Earlier this year, the World Economic Forum’s Global Risk Report 2010 warned that any loss in China’s growth momentum could adversely affect global capital and commodity markets.

"The Chinese government faces a number of challenges," the report noted. "The need to increase domestic demand to counter the loss in exports and the need to maintain a stable Renminbi [currency] given China’s vast accumulation of foreign reserves.

"The implications of a fall in China’s growth would be particularly acute for its trading partners if it should happen before the global economy is on a more resilient path."

With Europe facing a fresh banking crisis and unemployment in the US still double what it was in early 2008, it is safe to say that the global economy has not yet reached that resilient path.

"Slowdown towards more sustainable growth"
China’s Premier, Wen Jiabao, attempted to allay fears this week, putting the second quarter sluggishness down to the Government’s intervention to slow down the country’s rapid expansion to a manageable pace.
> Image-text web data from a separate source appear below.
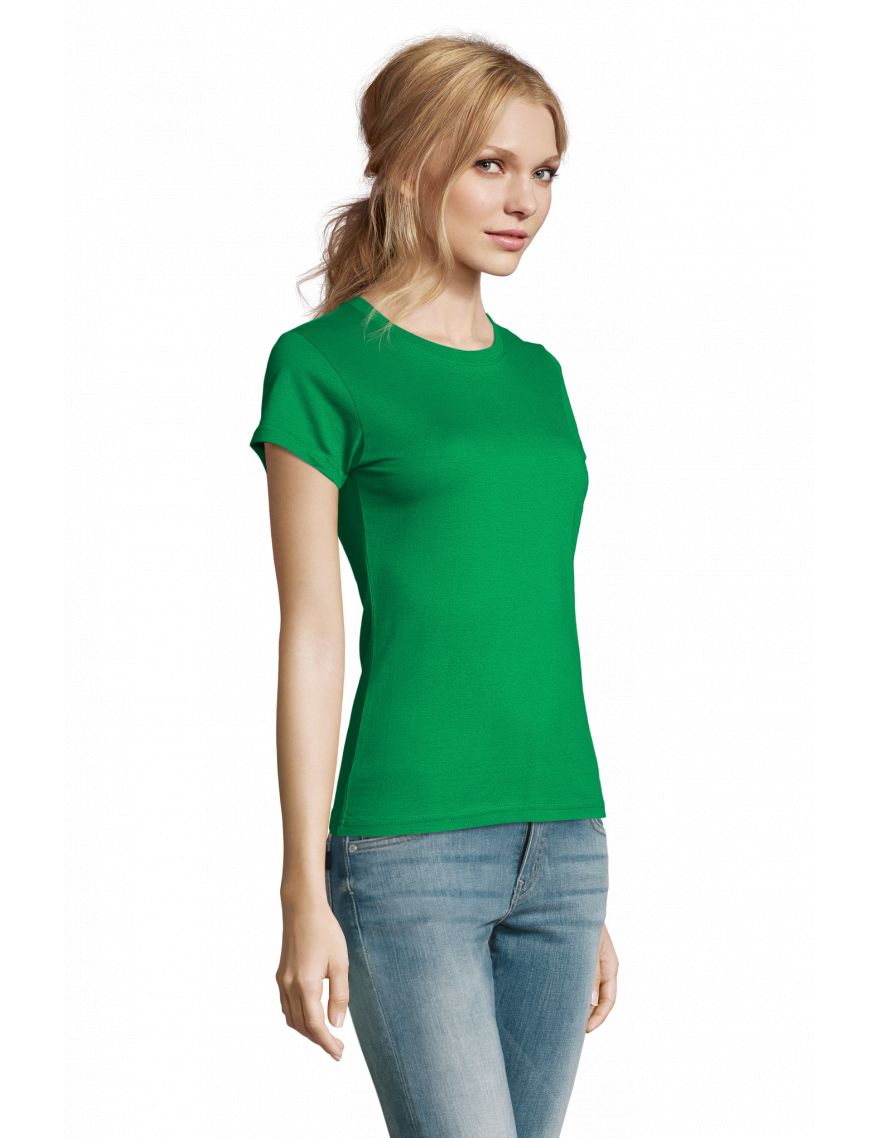 TEE-SHIRT IMPERIAL FEMME 11502 COL ROND - SOLS TEE-SHIRT IMPERIAL FEMME 11502 COL ROND - SOLS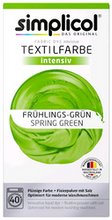 simplicol Barwnik do tkanin intensywny Spring Green 150ml+400g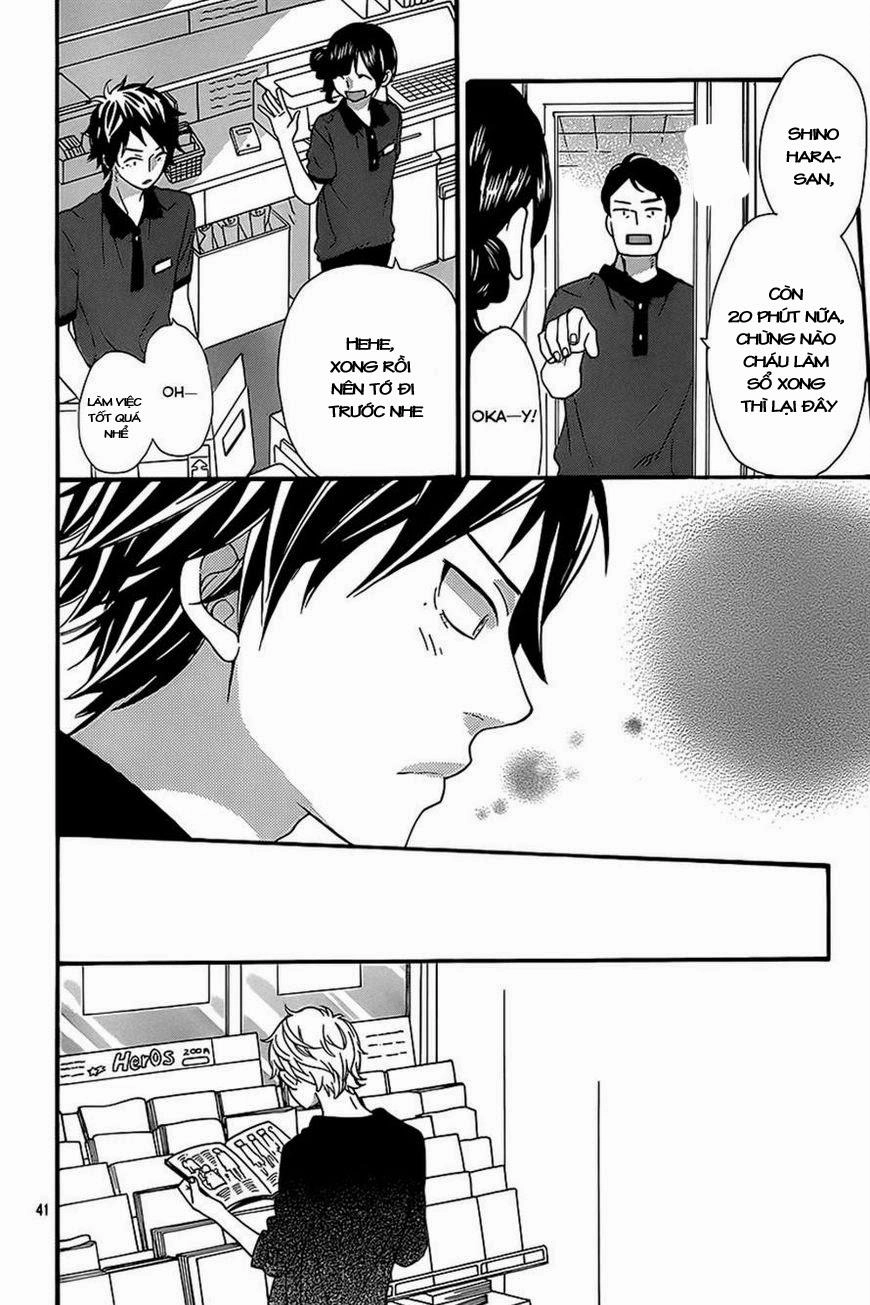 Ookami Shoujo To Kuro Ouji Chapter 39 - 42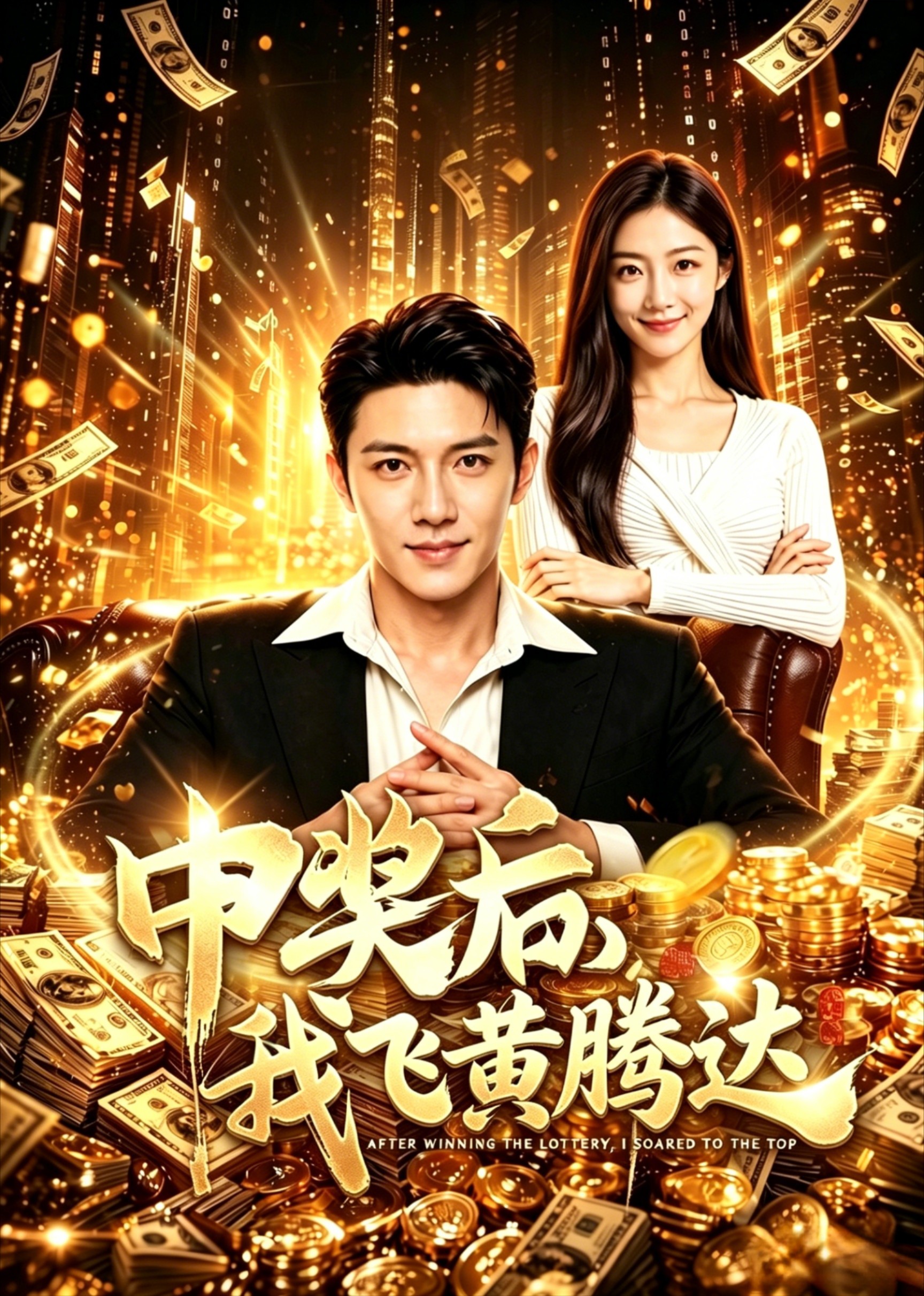中奖后，我飞黄腾达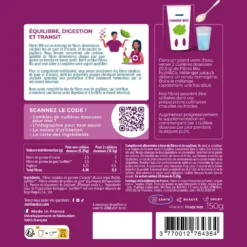 Fibres bio - transit - 1 mois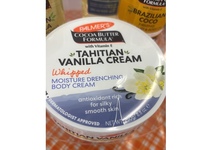Palmer's Whipped Moisture Drenching Body Cream, Tahitian Vanilla Cream, 8.8 oz/250 g - Image 3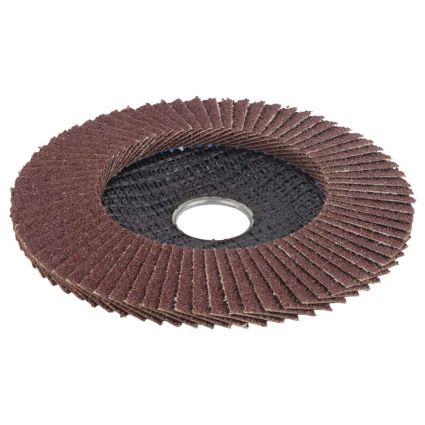 Круг лепестковый торцевой Т29 (конический) Ø125мм P40 Sigma (9172621) - 4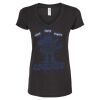 Women's Poly-Rich V-Neck T-Shirt Thumbnail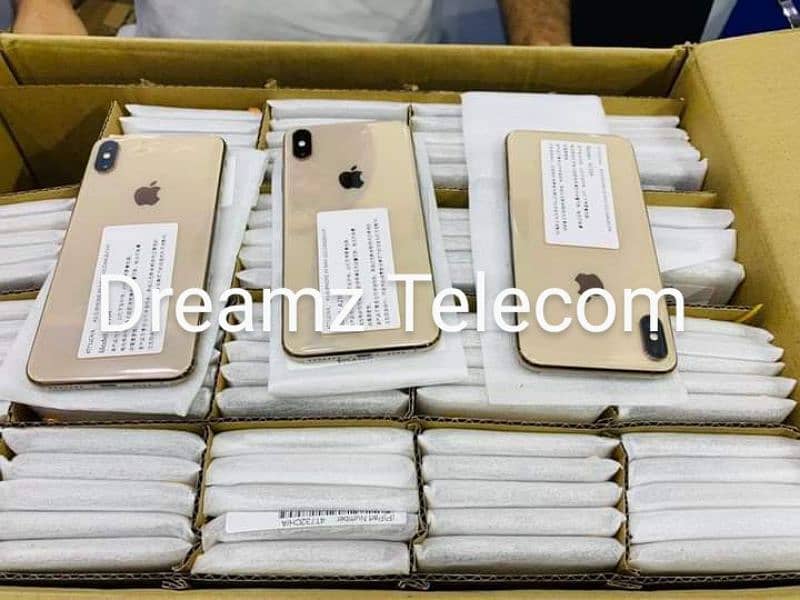 Iphone Xs max 5G Nonpta 256GB (Cash on delivery All over Pakistan) 7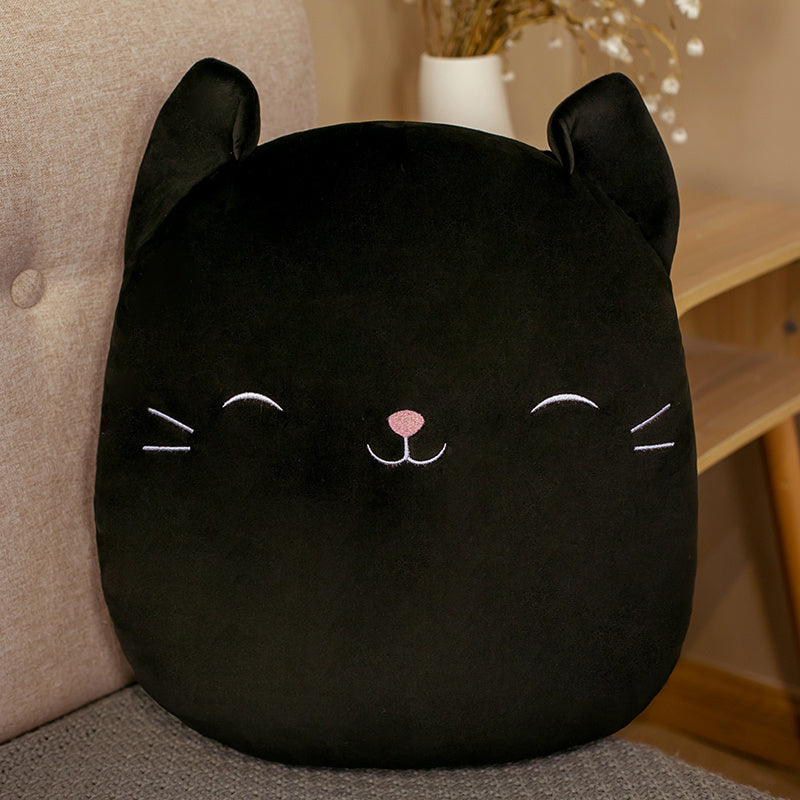 Cute Fat Fat Plush Toy Animal Doll Kawaii Deer Pig Soft Pillow Buddy Stuffed Cushion ValentineS Gift For Kids Girl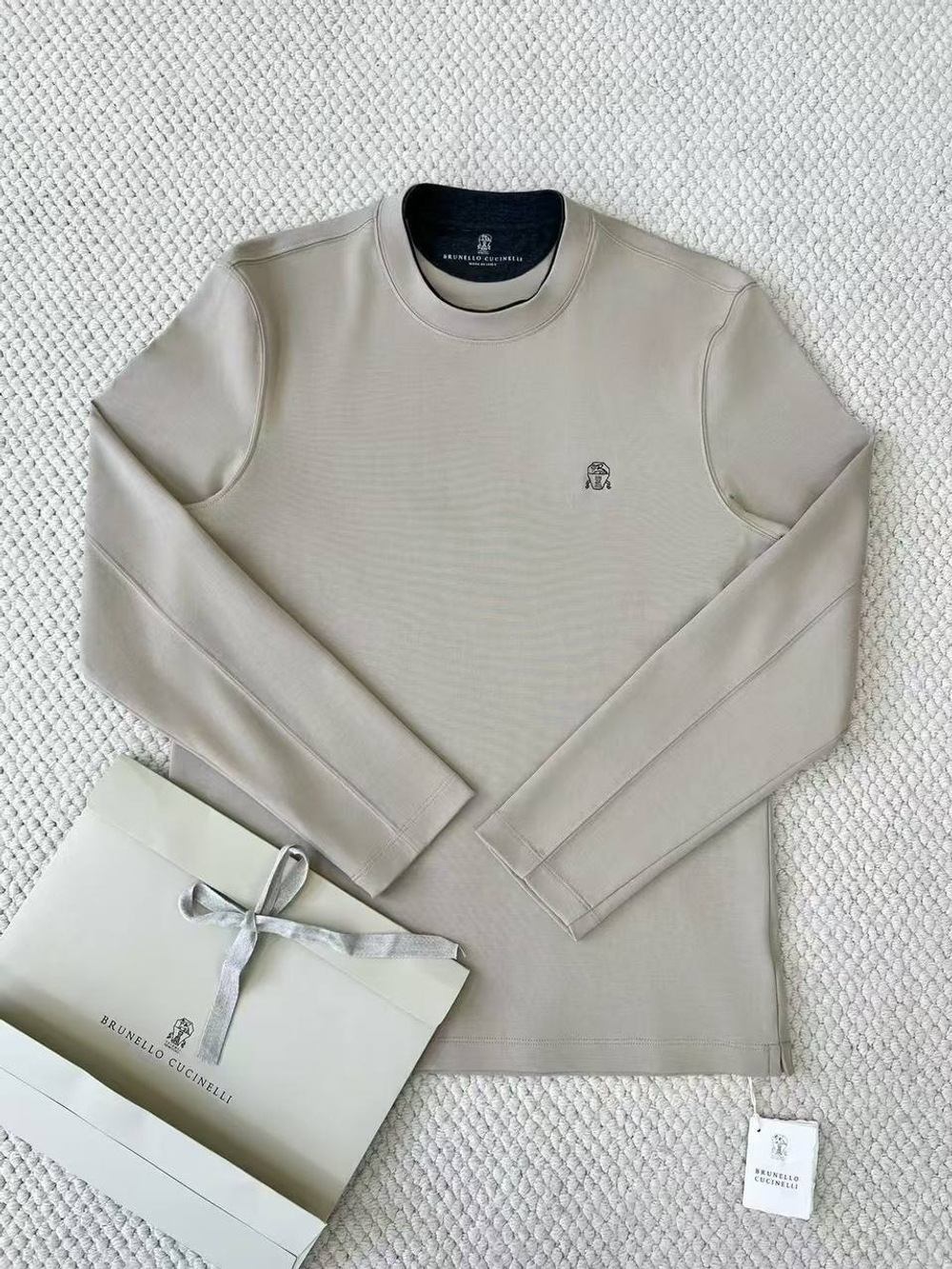 Лонгслив Brunello Cucinelli, арт. 477698614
"China’s economy in general is in-line with the government macroeconomic regulation and control," Wen said. "Major efforts will be made to handle the relations among maintaining steady and fast growth, restructuring the economy and managing well the inflation expectations. China will continue to adopt a proactive fiscal policy."

However, Qu Hongbin, an economist for HSBC, said the predictions about a hard-landing in China were "overplayed", adding: "This is just a slowdown towards more sustainable growth, not a meltdown."

While analysts have focused on the slowdown, China's exports and consumption have remained robust, with the Government also announcing this week that retail sales grew by 18.3% in June compared to the same month last year. Exports, meanwhile, rose by 44% in the month.

So is there really anything to worry about?
"Chinese economic news never disappoints in its ability to be conflicting and confounding," said Gady Epstein, Beijing bureau chief for Forbes magazine. "As a general rule, don't believe anybody who says they know for sure, but I'll venture to say it is not time to worry yet."

Indeed, China is likely to drive global growth for years to come and businesses across the globe are positioning themselves for a surge of thirsty, middle class consumers over the next 20 years.

If anyone can ride out a rough current right now, it would appear to be China.